Give the records again exactly, but drop the pictures.

Top of RECORD EXTRACTS

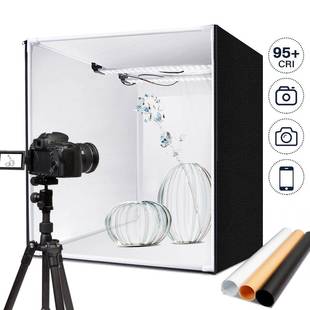 60*60 cm Photo box M60 photography studio lightbox 48W phot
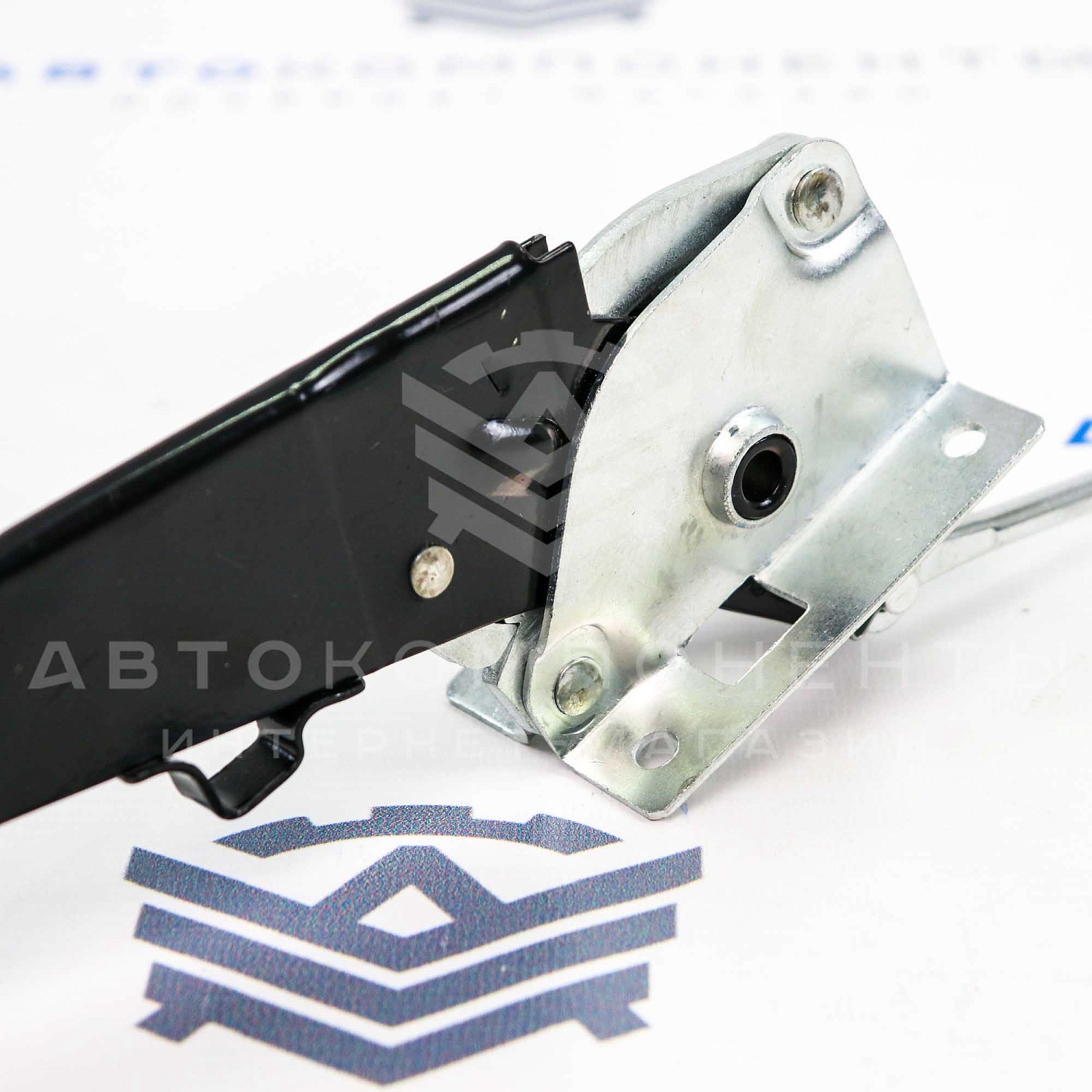 Рычаг привода ручного тормоза (ручник) "АвтоВАЗ" (с тягой в сборе) ВАЗ 2110-2112, Приора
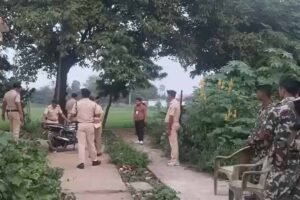 आचार संहिता लागू होते ही रोहतास गोलीकांड घटना से दहशत, शिवपुरी मोहल्ले में युवक को गोली मारकर किया घायल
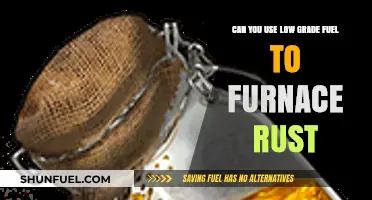 Using Low-Grade Fuel in Furnaces: Combating Rust Effectively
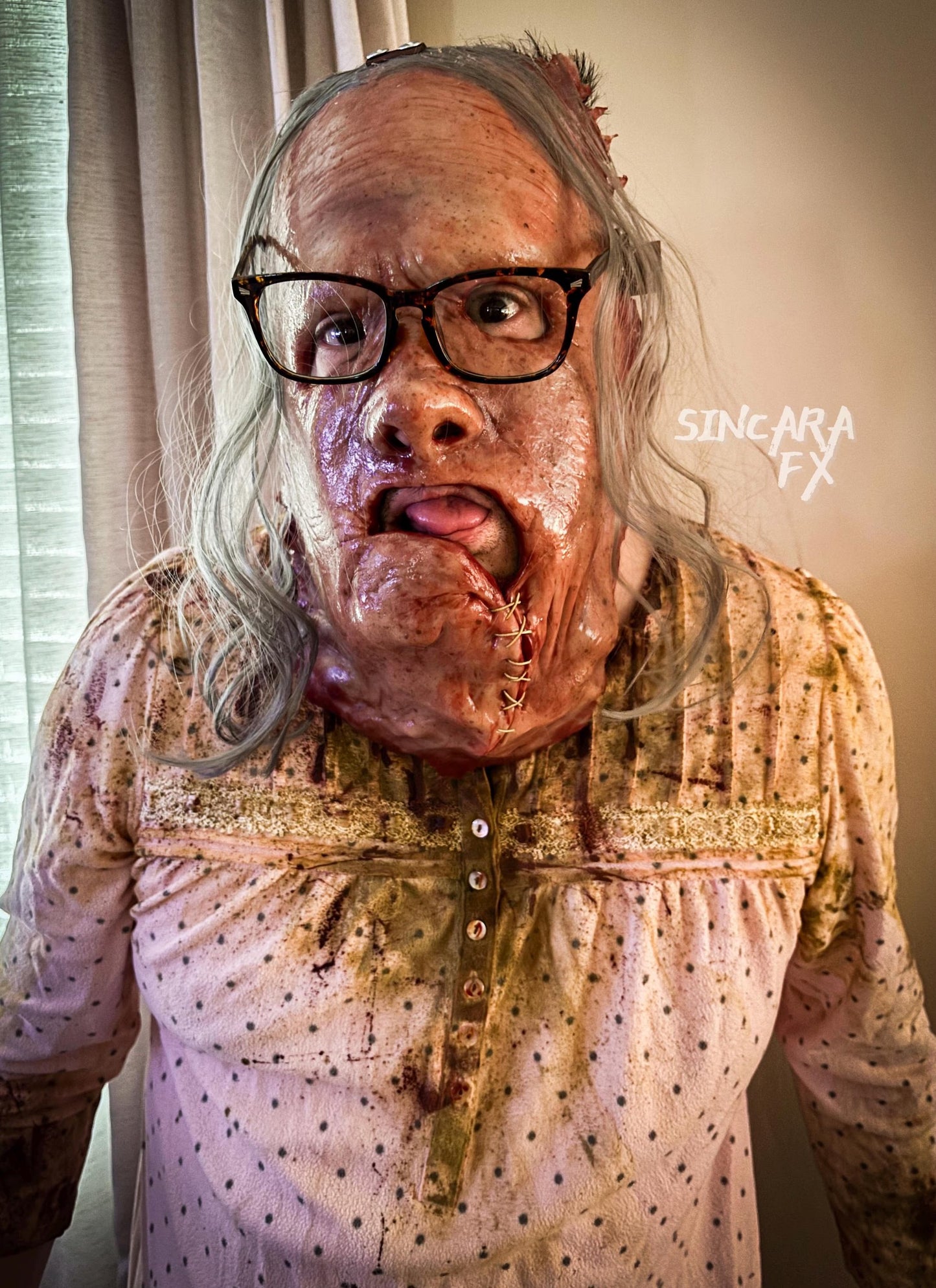 Abuelita Silicone Mask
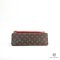 Louis Vuitton LOCKY MM BROWM MONOGRAM RED CANVAS GHW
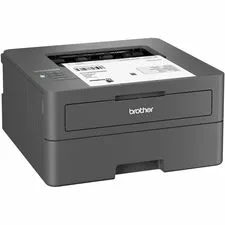 Brother BRT HLL2405W — Brother Wireless HL-L2405W Compact Monochrome Laser Printer, Mobile Printing - Printer - 30 ppm Mono Print - 1200 x 1200 dpi Print - 1 x Input Tray 250 Sheet, 1 x Manual Feed Slot 1 Sheet, 1x Output Bin 100 Sheet - Wireless LAN - Hi-Speed USB 2.0 - Mopria, Apple AirPrint, Wi-Fi Direct, Brother Mobile Connect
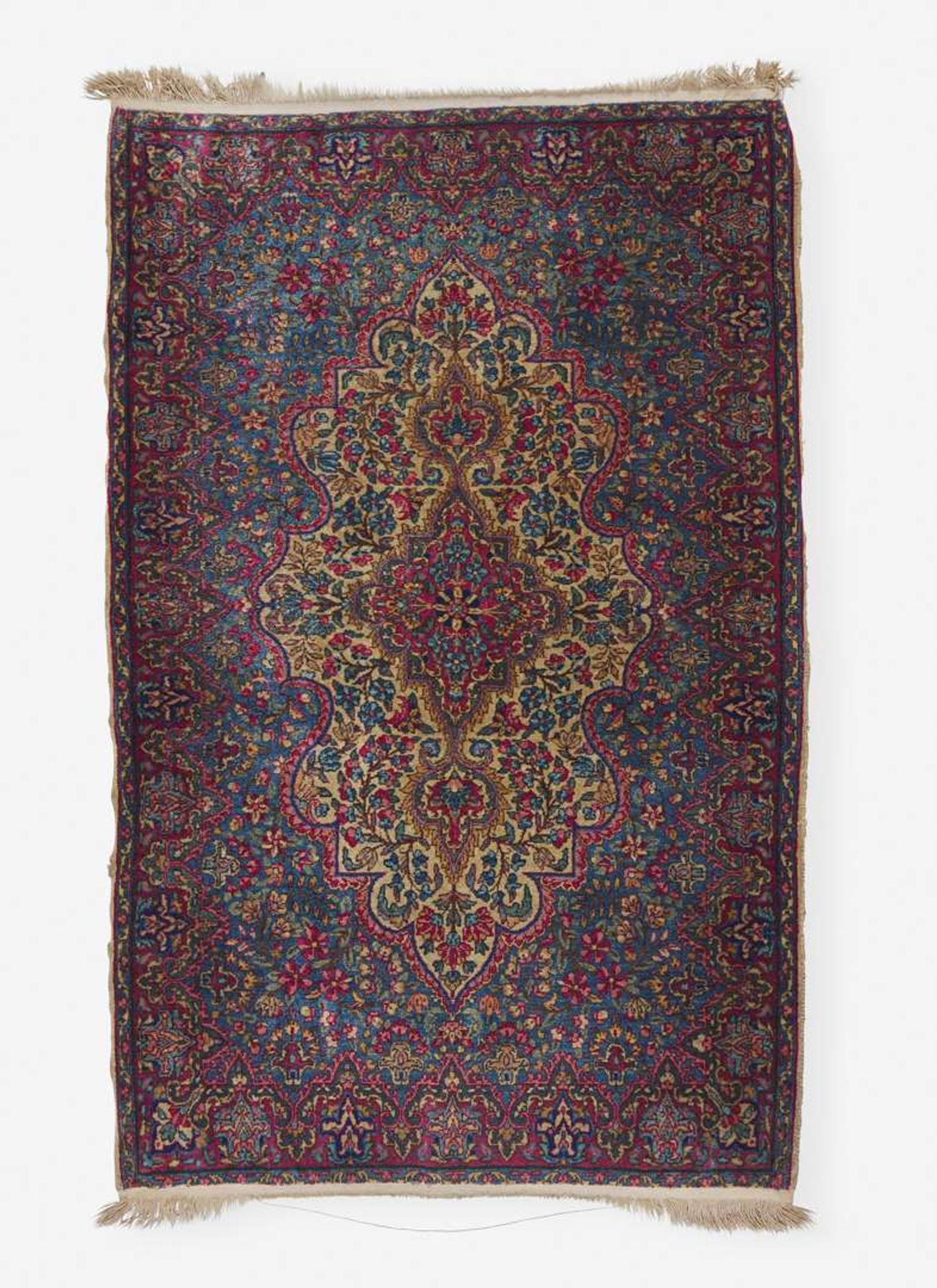 A Kerman rug, circa 1930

Bottom of RECORD EXTRACTS

ANSWER FOR THE TASK:
 60*60 cm Photo box M60 photography studio lightbox 48W phot
 Рычаг привода ручного тормоза (ручник) "АвтоВАЗ" (с тягой в сборе) ВАЗ 2110-2112, Приора
 आचार संहिता लागू होते ही रोहतास गोलीकांड घटना से दहशत, शिवपुरी मोहल्ले में युवक को गोली मारकर किया घायल
 Using Low-Grade Fuel in Furnaces: Combating Rust Effectively
 Abuelita Silicone Mask
 Louis Vuitton LOCKY MM BROWM MONOGRAM RED CANVAS GHW
 Brother BRT HLL2405W — Brother Wireless HL-L2405W Compact Monochrome Laser Printer, Mobile Printing - Printer - 30 ppm Mono Print - 1200 x 1200 dpi Print - 1 x Input Tray 250 Sheet, 1 x Manual Feed Slot 1 Sheet, 1x Output Bin 100 Sheet - Wireless LAN - Hi-Speed USB 2.0 - Mopria, Apple AirPrint, Wi-Fi Direct, Brother Mobile Connect
 A Kerman rug, circa 1930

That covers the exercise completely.